DATASET EXCERPT below:
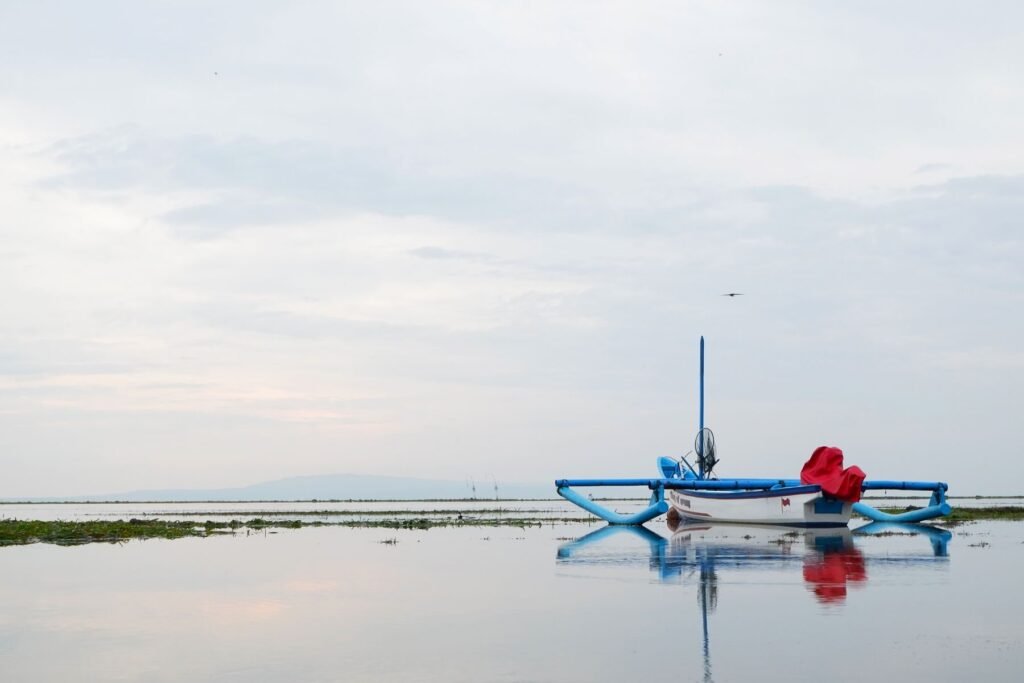 Traditionele jukung-boot op stil water bij Lovina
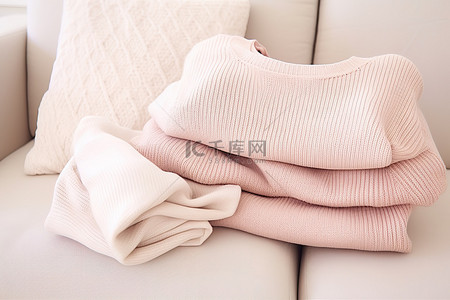 沙发上的三件淡粉色毛衣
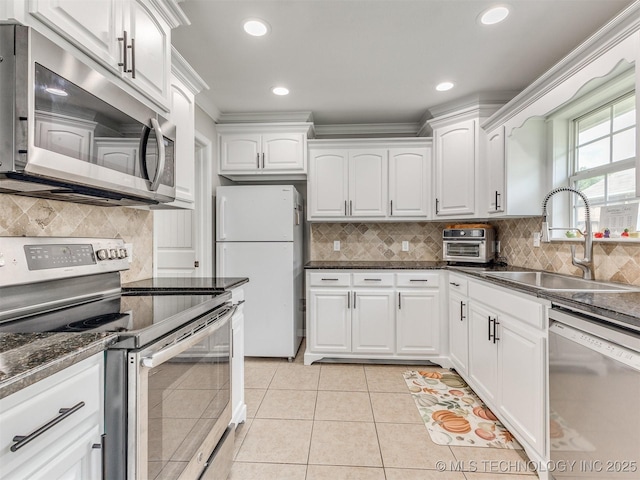 12411 E 90th St N, Owasso, OK 74055 - kitchen with stainless steel appliances, a sink, white cabinets, decorative backsplash, and recessed lighting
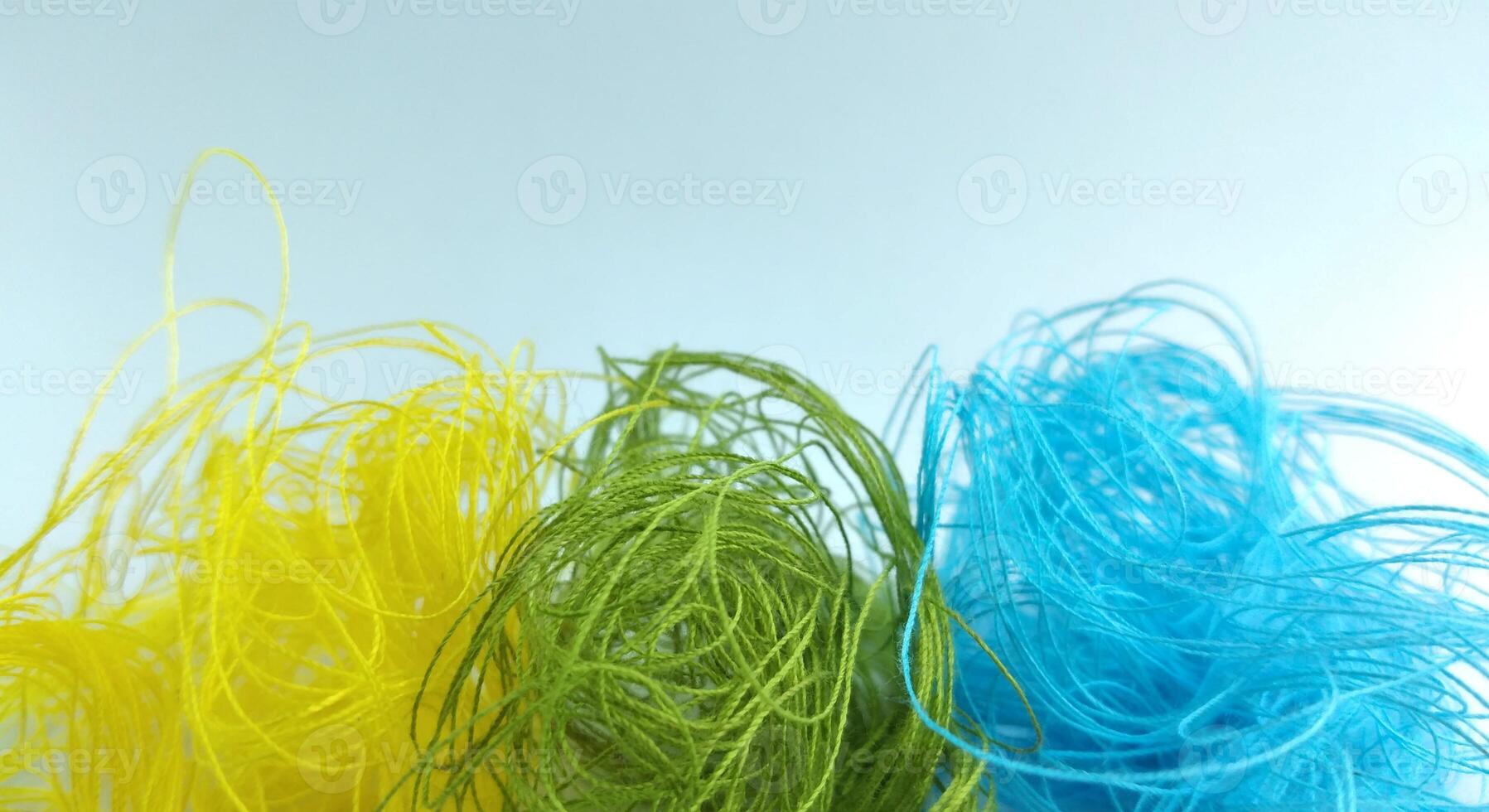 Colorful threads on a white background close-up. Selective focus. photo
End of DATASET EXCERPT.
→ WHAT TO WORK ON: Copy the whole listing above word for word but do not carry over the pictures.

→ ANSWER BOX:
 Traditionele jukung-boot op stil water bij Lovina
 沙发上的三件淡粉色毛衣
 12411 E 90th St N, Owasso, OK 74055 - kitchen with stainless steel appliances, a sink, white cabinets, decorative backsplash, and recessed lighting
 Colorful threads on a white background close-up. Selective focus. photo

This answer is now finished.